My Epic Striped wrapper made its debut at Jackson. I am a big fan! The frogs are a nice closure, and I'd use them again in a heartbeat. They went on much faster than buttons/buttonholes, and were secure yet easy to get open and closed. It also fits neatly over my hoop, which is a bonus. 

The top. Imagine frogs going all the way to the floor...
Also, it fits me better than my dressform!

I am planning on adding angled welt pockets using the tiny bit of yellow fabric that I have left, and trimming it with the thin navy cording from the sleeves.

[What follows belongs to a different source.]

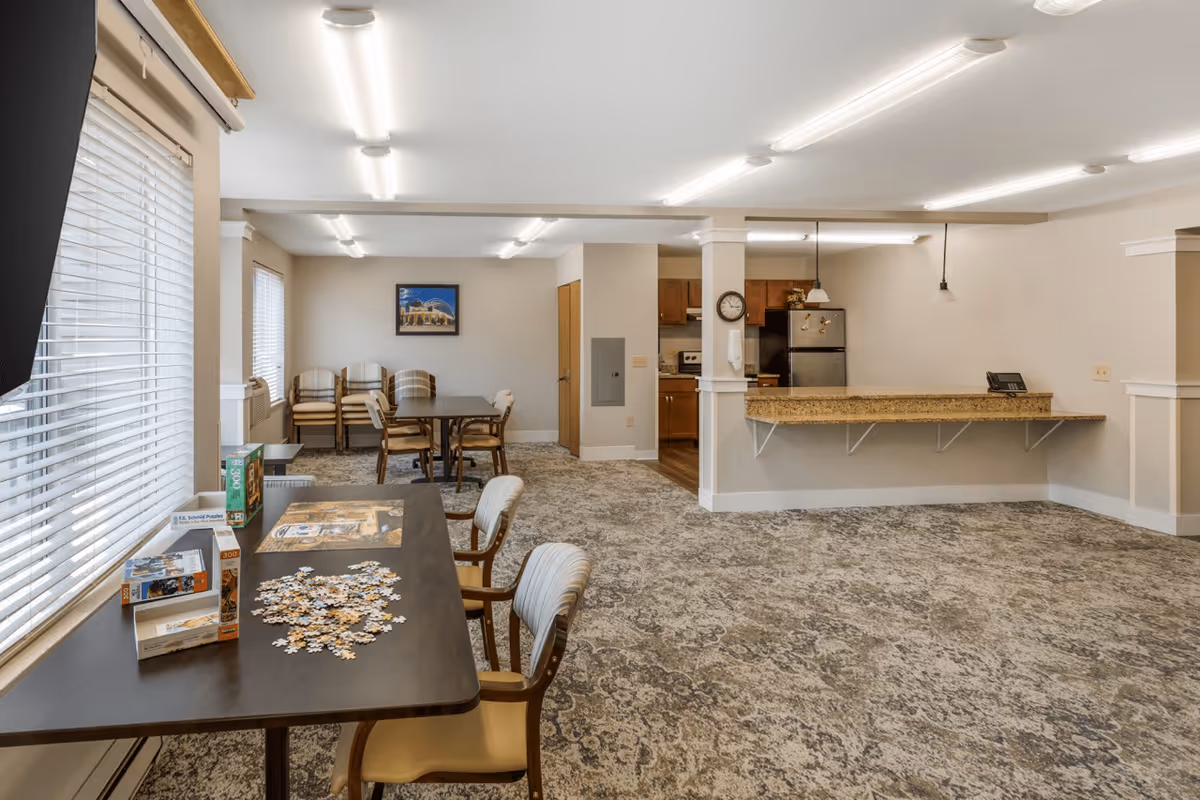 A spacious senior living common area with carpeted floors and beige walls. There are tables and chairs arranged for activities, including a table with a partially completed jigsaw puzzle near a window with blinds. In the background, there is a kitchen area with wooden cabinets, a refrigerator, and a granite countertop bar with hanging pendant lights. A clock is mounted on a column near the kitchen.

I also picked up a few more yards, so that I can line the edges of the front panels in the same. And I'll keep on the lookout for a nice navy upholstery cording to replace my improvised ribbon belt. If I can find more of it, I'd eventually like to add a bottom border in the yellow cotton, too.  So while it's not 100% done yet, it's in very wearable condition! It was super comfortable, and I loved the cut of the sleeves for both coolness and practicality.

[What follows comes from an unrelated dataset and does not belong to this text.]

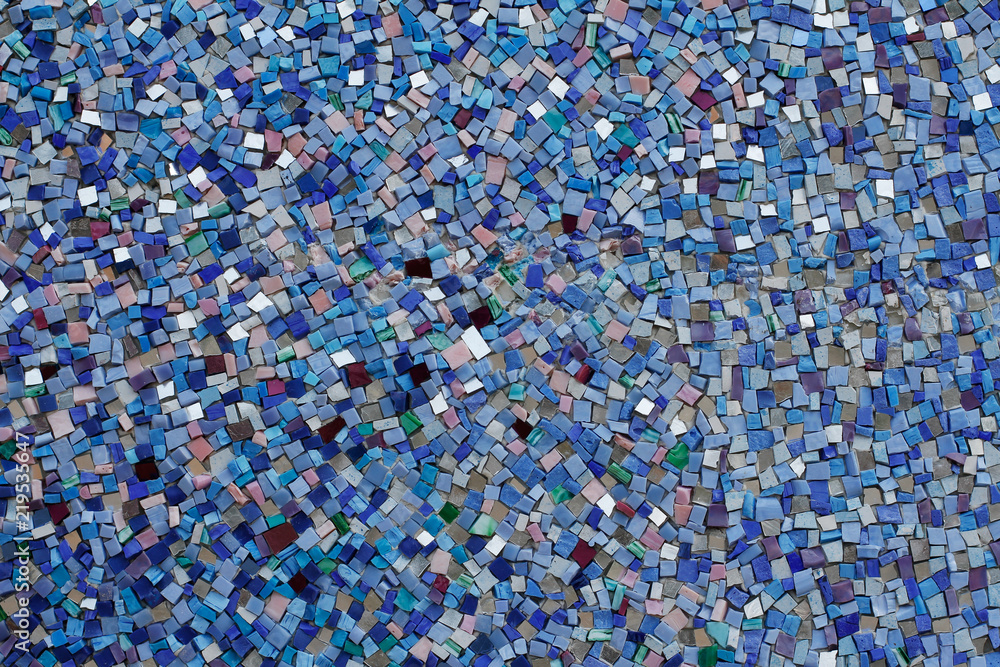 Colorful (blue, green, white and purple) stone mosaic tiles on the wall as background or texture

If you don't have a wrapper already, I can't recommend one enough! They're a must for reenacting, as a state of half-dress is very handy when getting ready can take so long. On top of that, they're fairly easy (depending on the style you choose), and you can pick the craziest fabric your heart desires!

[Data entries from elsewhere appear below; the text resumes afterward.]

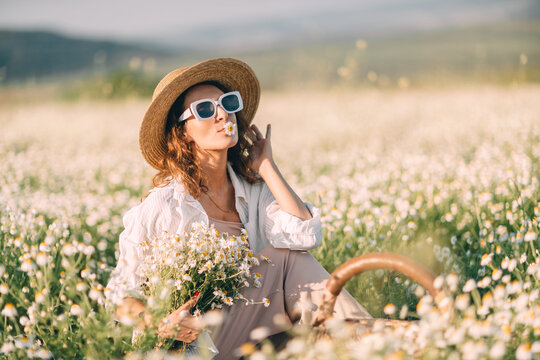 Relaxed woman holding Matricaria chamomilla bouquet while sitting in a sunny spring meadow with a picnic basket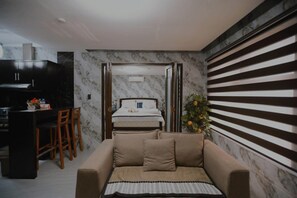 Un ambiente compatto con angolo cottura, un letto e una zona relax.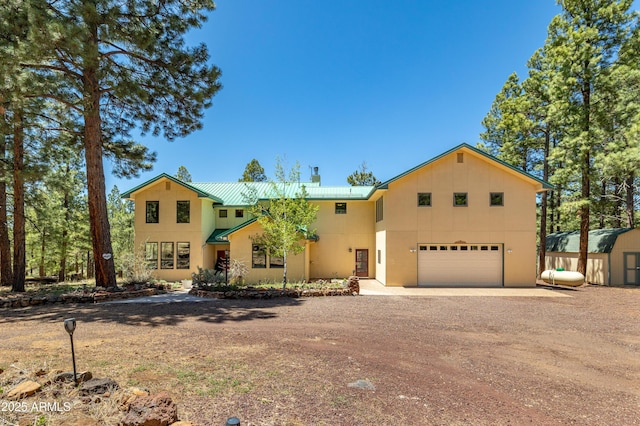 5240 Sierra Vis, Flagstaff, AZ 86001 - view of front of house with driveway, metal roof, stucco siding, a garage, and a chimney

Thursday, September 20, 2012

Remembering Antietam

**I realize that I've missed the Anniversary by a few days. I regretfully had too much homework to do a proper write-up at the time, but am posting it now.

Antietam. It's the battle I've studied most, but I still get a bit of a gut-wrenching shock when I hear the word. There was so much death in so little time, on so little land. Granted, the entire war was bloody. The entire war was tragic. One casualty is too many, because that's a home without a father or a son or a brother. But at Antietam, 23,000 men fell in under 12 hours.

The eastern edge of the Bloody Cornfield

The sun rose over a heavy fog on September 17th, 1862 in Southern Maryland. By the time it set and the fog had burned off the land, it had taken its place as the bloodiest single day in American history. Between a cornfield, a sunken farm lane, a little church, and a small stone bridge, 23,000 casualties were inflicted between the two sides, leaving both armies badly battered. Tactically it was inconclusive, as neither the attacks nor the defense had gone as planned. Ultimately, George McClellan was able to claim a strategic victory for the Union, as Lee's army would withdraw from Maryland in the days following. Years later, history would regard the Battle of Antietam/Sharpsburg to be a major turning point in the Civil War for having shifted the advantage to the Union, and boosting their flagging morale. It opened the door for Abraham Lincoln to issue the Emancipation Proclamation, changing the very face of the war itself. History's course was altered dramatically, yet again.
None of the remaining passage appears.